ANATOMY OF

A DIAMOND

The design and craftsmanship of the diamond considers weight ratio (weight of the diamond relative to its diameter), the diamond's girdle thickness (which affects its durability), the symmetry of its facet arrangement, and the quality of polish on those facets.

Cut is oftentimes confused with the shape of the diamond but cut refers to a stone’s facet arrangement. Shape refers to the outline of the stone. The most common diamond shape used in jewelry is round, as seen in the standard round brilliant cut. All other diamond shapes are known as fancy shapes. Traditional fancy shapes include the marquise, pear, oval and octagonal (as seen in the emerald cut). Square, cushion (square with rounded edges), triangle, and a variety of other shapes are also gaining popularity in diamond jewelry.


TABLE: The largest facet of a gemstone. 

CROWN: The top portion of a diamond extending from the girdle to the table. 

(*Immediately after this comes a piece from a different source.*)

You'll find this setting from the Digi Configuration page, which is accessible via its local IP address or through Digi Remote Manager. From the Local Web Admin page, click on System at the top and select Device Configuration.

GIRDLE: The intersection of the crown and pavilion which defines the perimeter of the diamond. GIA also offers optional laser inscription with its reports (included with the GIA Diamond Dossier®) where the diamond’s report number is inscribed on the diamond’s girdle.

CULET: The facet at the tip of the gemstone.

PAVILION: The bottom portion of a diamond, extending from the girdle to the culet. A pavilion depth that’s too shallow or too deep will allow light to escape from the side of the stone, or leak out of the bottom. A well-cut diamond can let more light return through the crown.